- Founded: February 4, 1926
- Dissolved: January 1, 1934
- Split from: Paulista Republican Party
- Headquarters: São Paulo, Brazil
- Ideology: Republicanism Federalism Liberalism
- Political position: Centre-right
- Colors: Blue, White, Red

= Democratic Party (Brazil, 1926–1934) =

Political party in Brazil

The Democratic Party (Portuguese: Partido Democrático, PD) was a Brazilian political party, but state character, founded by dissidents of the Paulista Republican Party (PRP) on February 24, 1926, during the Old Republic and was its manifesto signed by 599 signatories. It was a representative organization of the traditional middle class, linked to coffee sectors, but especially the urban.

In May 1926, the Youth Party (Youth Wing of dissenters, who had organized this caption for the federal elections of 1925), also dissident perrepismo, joined the Democratic Party. His most important names were Waldemar Ferreira, José Adriano Marrey Junior, Francisco Morato, Paulo Moraes Barros, Bento de Abreu Sampaio Vidal, Paulo Duarte, Paulo Nogueira Filho, were for the professionals most and young children of coffee farmers, or graduates from traditional families. Few members were industrial.

In the first three months of the legend organization, the party had about 20,000 members; in late 1926, it was possible to compute 50,000. In May 1927, the party had 17 directories in São Paulo and 70 in the interior, high number to 180 in 1927. purposes in July 1927 was created the National Daily official party newspaper, with a circulation of 35,000 copies in December, and 70000 in August 1928.

== Evolution and growing ==

In the 1928 elections, the DP won some seats in the state Assembly and in Congress. For the city of São Paulo, the Party launched the former perrepista José Adriano Marrey Jr., who got 8534 votes against 25,692 for José Pires do Rio, the PRP-government.

In the presidential elections of March 1, 1930, where Vargas is presented as a presidential candidate and Joao Pessoa Paraiba as deputy, in the "Liberal Alliance", which has the support of the São Paulo Democrats. Another major defeat of the Democratic Party, which only gets 10% of São Paulo votes for Vargas.

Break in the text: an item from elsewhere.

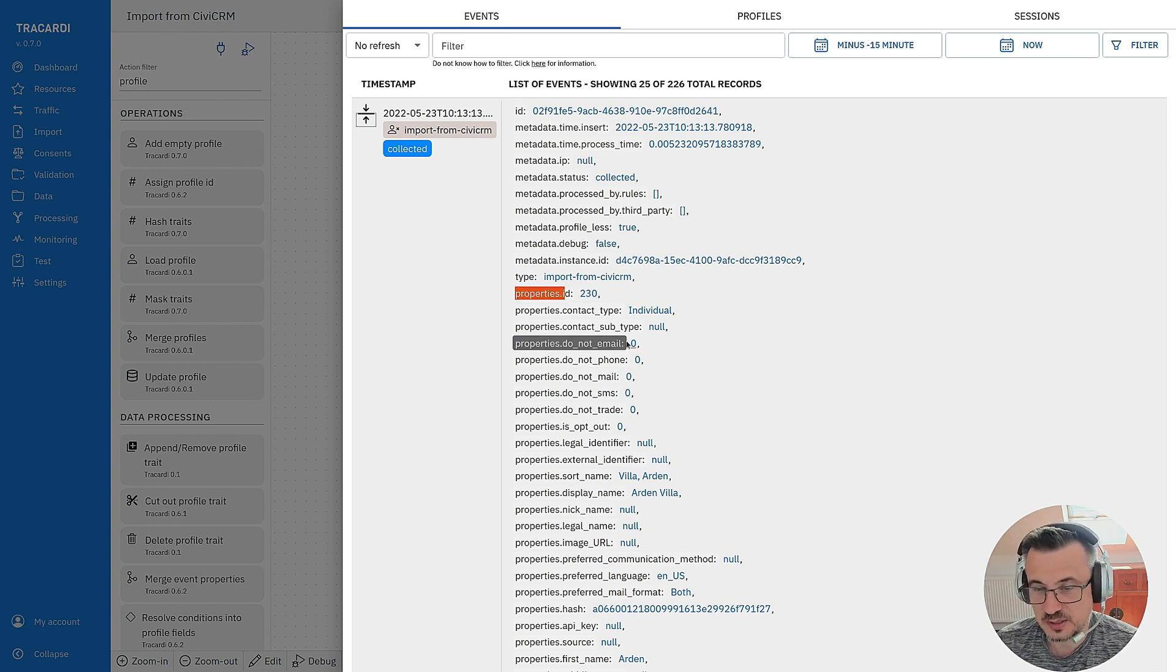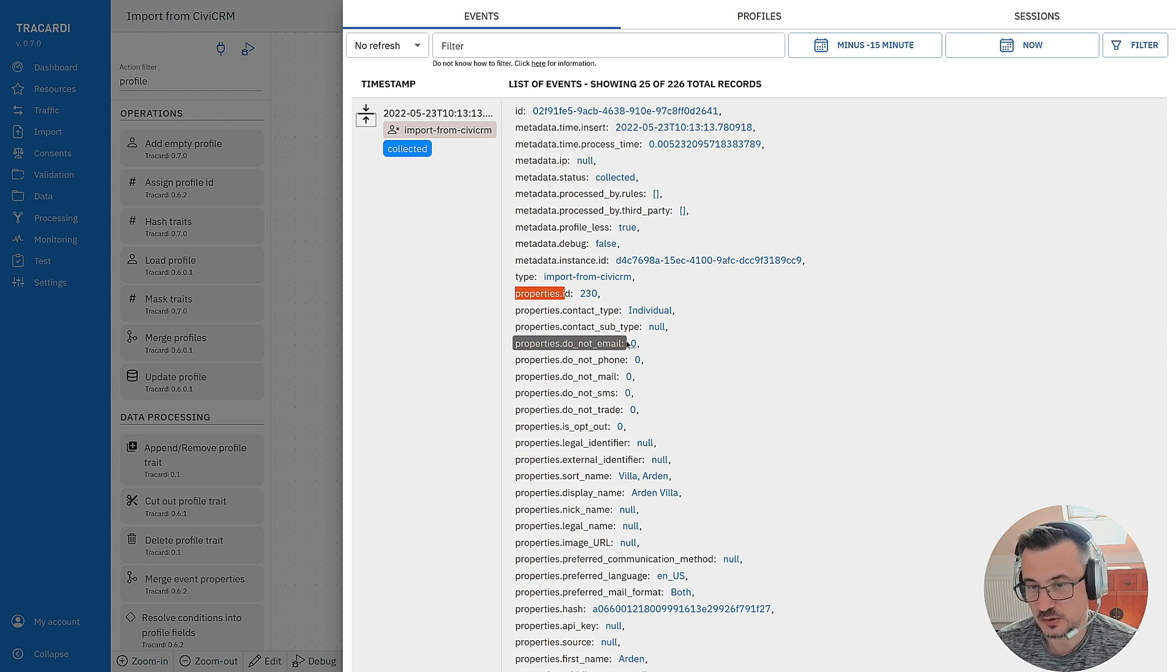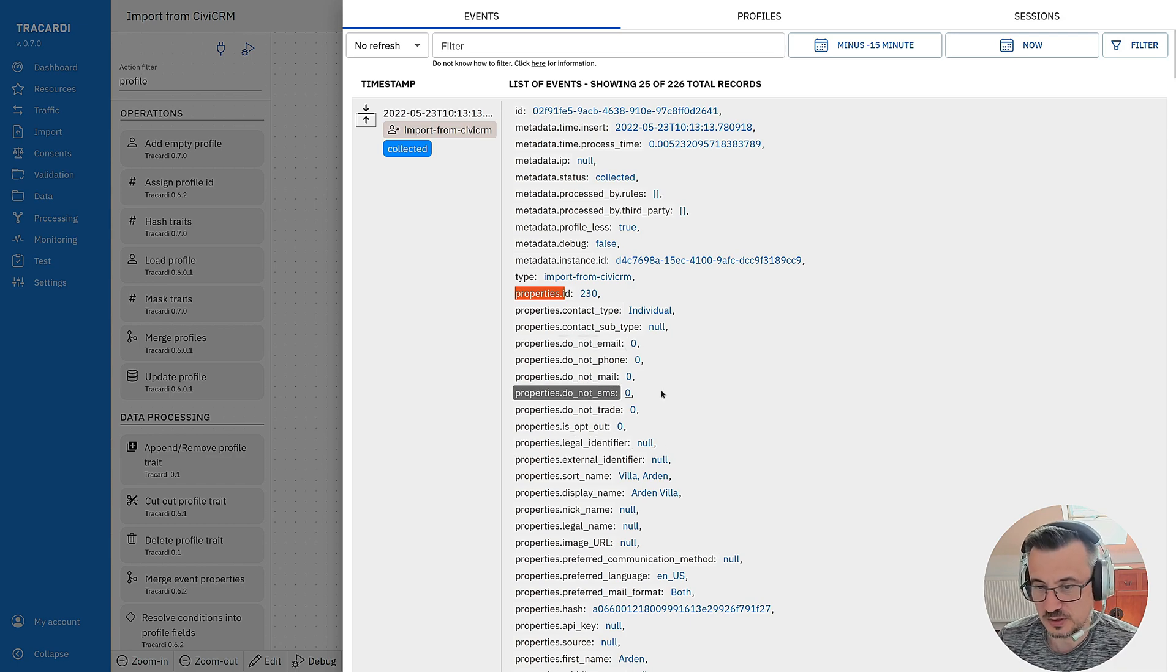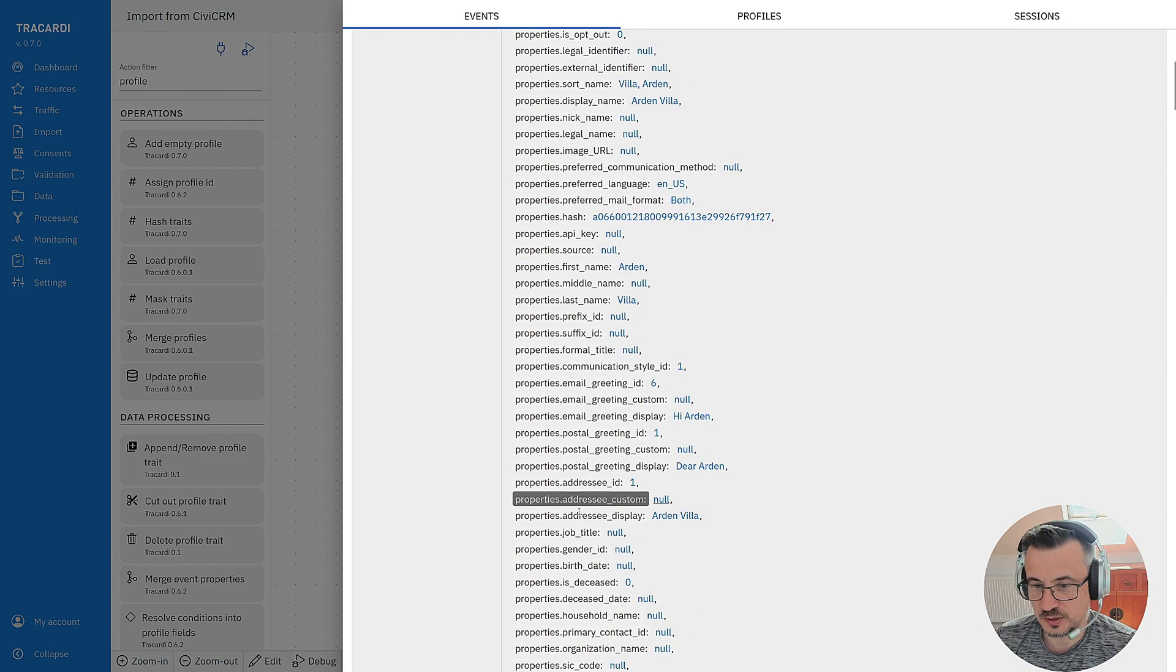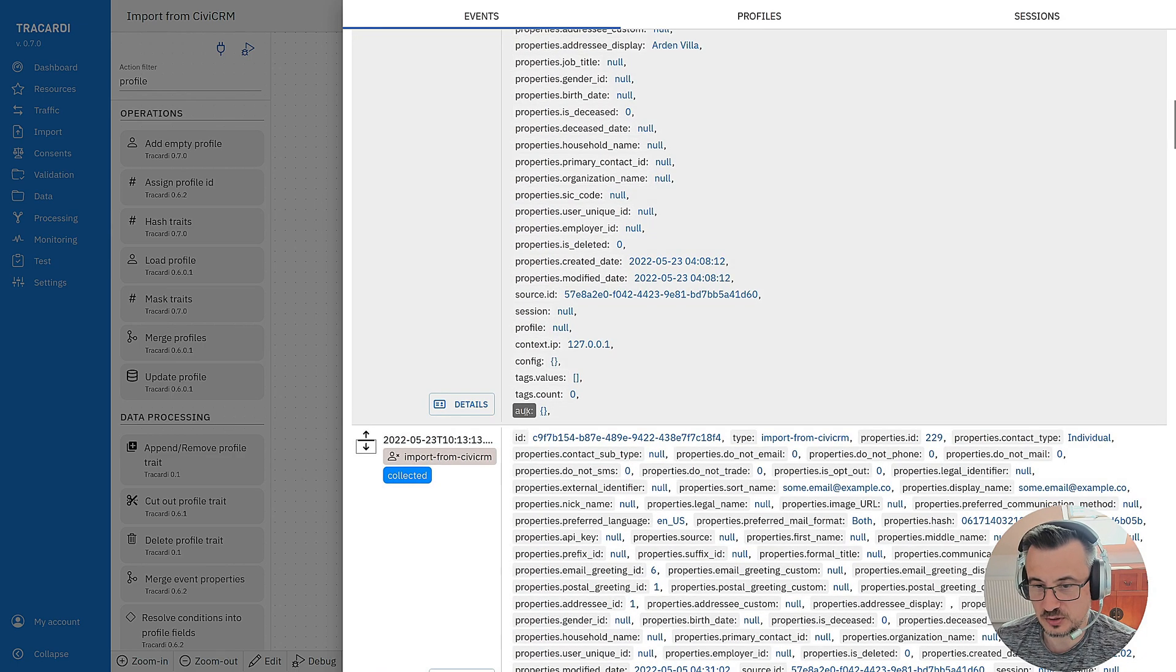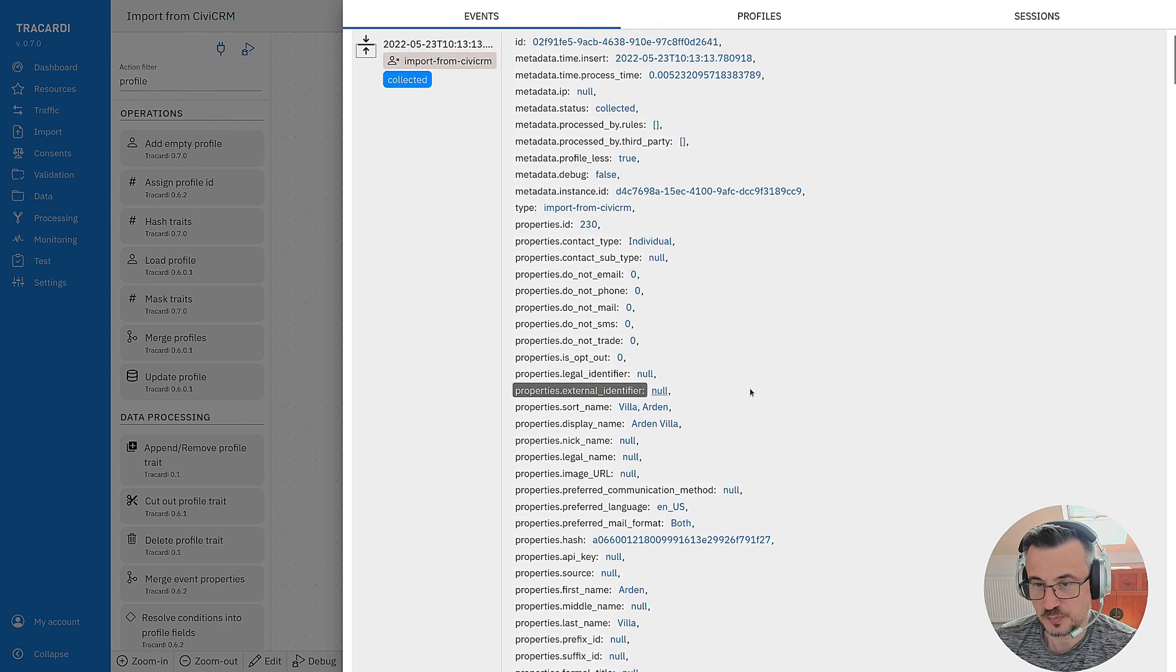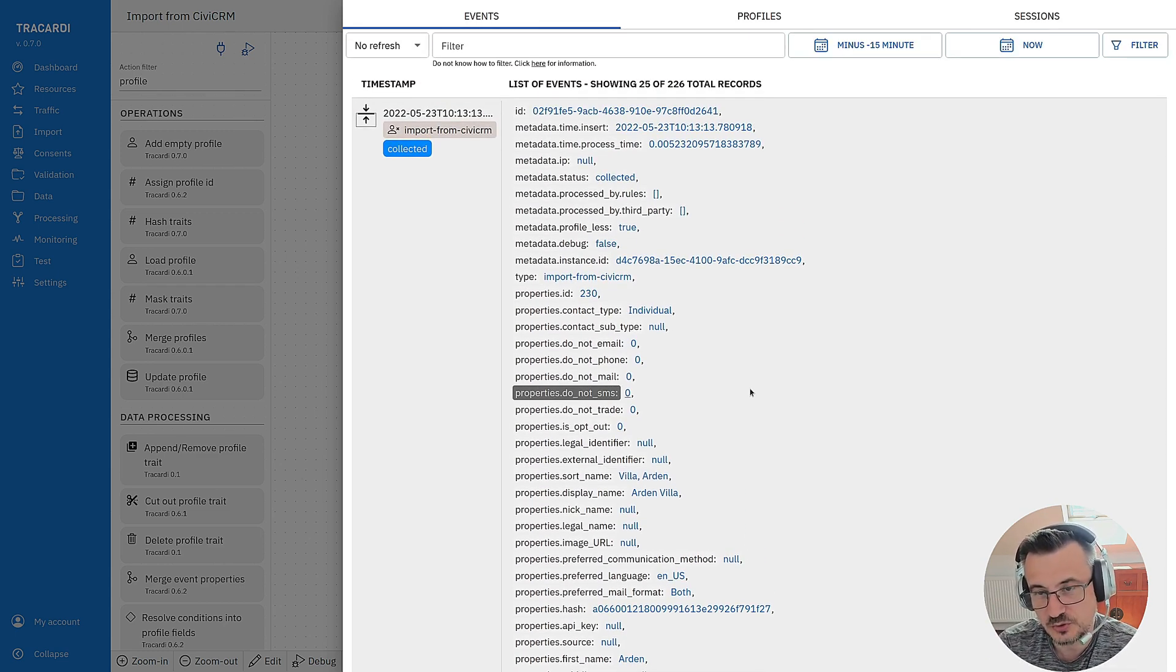Actually the best practice is just to save it somewhere else. Not in a profile ID of Trocardi. So maybe I will save it in some other traits. Probably in auxiliary. That would be much better. Because you know I can merge from different sources. Not only CVCRM.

Mining oligarchies seeking political support after the breakdown of the "coffee with milk" policy, engaged in alliances between oligarchies who were opposed to the political situation. Among these oligarchies that supported Minas Gerais, it can highlight the states of Rio Grande do Sul and Paraíba and some opposition groups from other states, including the Democratic Party, which was active in the "Liberal Alliance".

== Approaching to the PRP and end of the party ==

After the October Revolution, and the disenchantment with Vargas, the PD approached the Paulista Republican Party (PRP), and is a "United Front For São Paulo Kingdom", who served in the campaign for the Constituent Assembly, and became involved with the Revolution constitutionalist 1932, having been many exiled leaders or imprisoned.

In 1933, the college was reorganized and presented joint plate with the Republican Party Paulista and the LEC - Catholic Electoral League, Commercial Association of São Paulo and the Federation of Volunteers to May 3 elections in 1933 to the National Constituent Assembly, called "Single Plate for São Paulo Kingdom", which elected 17 of the 22 deputies, with 80% of votes. The Party of Crop and the Brazilian Socialist Party elected the remaining 5.

The PD elected representatives some jutting out Mr Cardoso de Melo Neto in the constituent work. During the Constituent Assembly, the faction of the National Action PRP old, plus the Democratic Party, and the vast majority of single sheet merged into one acronym: the Constitutionalist Party. In January 1934, the PD IX Congress approved the merger and the end of the party.